Riyadh: Saudi Arabian police shot dead a wanted suspected militant early on Tuesday after he killed his own father who had reported him to the authorities, the Interior Ministry said in a statement carried on state media.

“At 1am on Tuesday (2300 GMT on Monday), while security men were taking measures to apprehend a security fugitive, accompanied by the man’s father, he left his house and fired with an automatic weapon, killing his father and wounding two security men,” it said.

The security forces fired back, killing the man, according to the statement, which said that the authorities were investigating the incident but gave no further details.

The kingdom is facing a wave of militancy, officials there say, from some hardline Islamists who have sworn allegiance to Daesh, the group waging wars in Iraq and Syria.

This year a Saudi militant cell affiliated with Daesh carried out two bombings of Shiite mosques, killing 25, and sympathisers also shot dead three policemen and wounded another in a series of attacks in Riyadh.

Sabq.org, a news website affiliated with the Saudi government, said the incident took place in the southern city of Khamis Mushait.

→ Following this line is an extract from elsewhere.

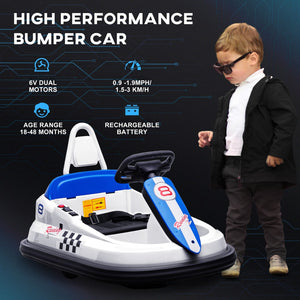 English Elm Aosom 6v Toddler Ride on Bumper Car with 360 Spin Eva Edges and Led Lights W2225P217187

The Saudi authorities have detained hundreds of suspected militants over the past year, including people who planned attacks inside the country and others who sought to travel to Iraq, Syria, Yemen or Afghanistan to fight.

In the southwestern city of Taif on July 3, a policeman was gunned down during a raid in which three people were arrested and flags of Daesh extremists found, police said earlier.

Saudi Arabia released a list of 16 men suspected of involvement in a pair of May suicide bombings at mosques in the Eastern Province, home to most of the kingdom’s Shiite community.